Hofer, who heads the far-right Freedom Party (FPÖ), has not ruled out a referendum on Austria's future in the European Union following Britain's shock vote in June to quit the EU.
“We do not want to be faced with speculation about Austria leaving the European Union nor with attempts to hide the cornflower behind a crucifix,” the declaration said, referring to a recent controversy.
The 45-year-old has been accused by Christian groups of manipulation after he added the phrase “So help me God” to his campaign posters.
Election poster for Hofer showing “So help me God.” Photo: Paul Gillingwater
He has also been criticised for wearing a cornflower, a blue flower with a controversial past which was used by banned Austrian Nazis in the 1930s to identity each other. Hofer has insisted he only wore it for the blue — the colour of the FPÖ.

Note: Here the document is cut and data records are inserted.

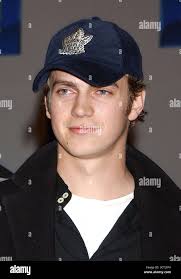 General hayden hi-res stock photography and images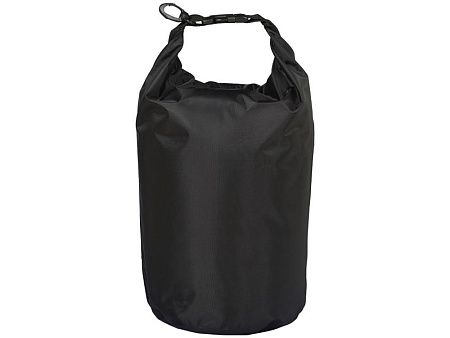 Водонепроницаемый мешок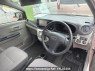 Used 2014 AT toyota pixis-epoch LA300A Image[9]
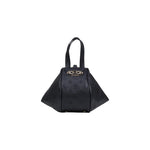 Guess - Guess Women's Handbag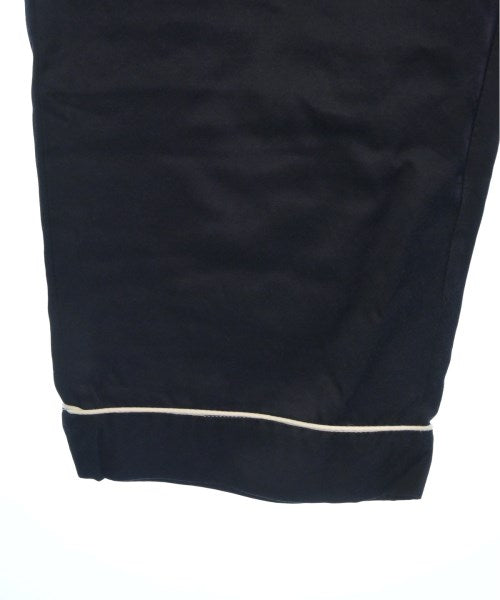 UNUSED กางเกง อื่น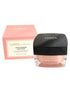 Moisturizer yoon cream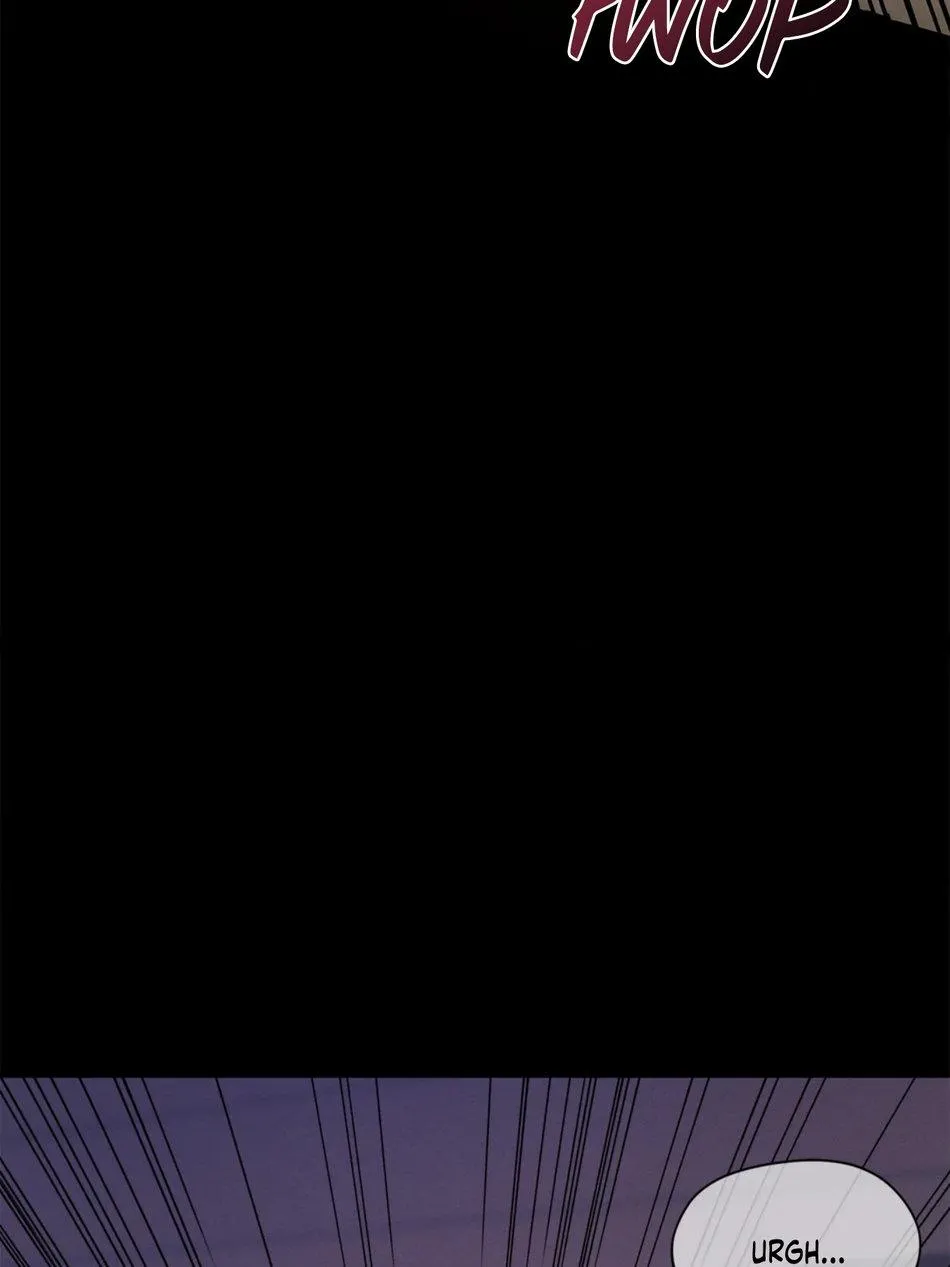 Tuyển Tập Khu chung cư GwangGong - GwangGong Apartment Complex Chapter 64 Trang 77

Like populist parties elsewhere in Europe, the FPÖ is currently leading national polls.
Hofer, hoping to become the EU's first far-right head of state in the December 4 poll, has been stoking public fears about record immigration and rising unemployment.
Austria's president must be a guarantor of co-existence and “that is incompatible with speeches about fear, hate and the constant search for scapegoats,” the manifesto said.
The ÖVP has not given its followers official voting recommendations but many of its senior members have already said they would back Van der Bellen.
The independent ecologist ran against Hofer in May, winning by a narrow margin although the result was later dramatically overturned by Austria's highest court which upheld claims of procedural irregularities brought by the narrowly-defeated far-right.
Opinon polls suggest the outcome of the re-run is too close to call.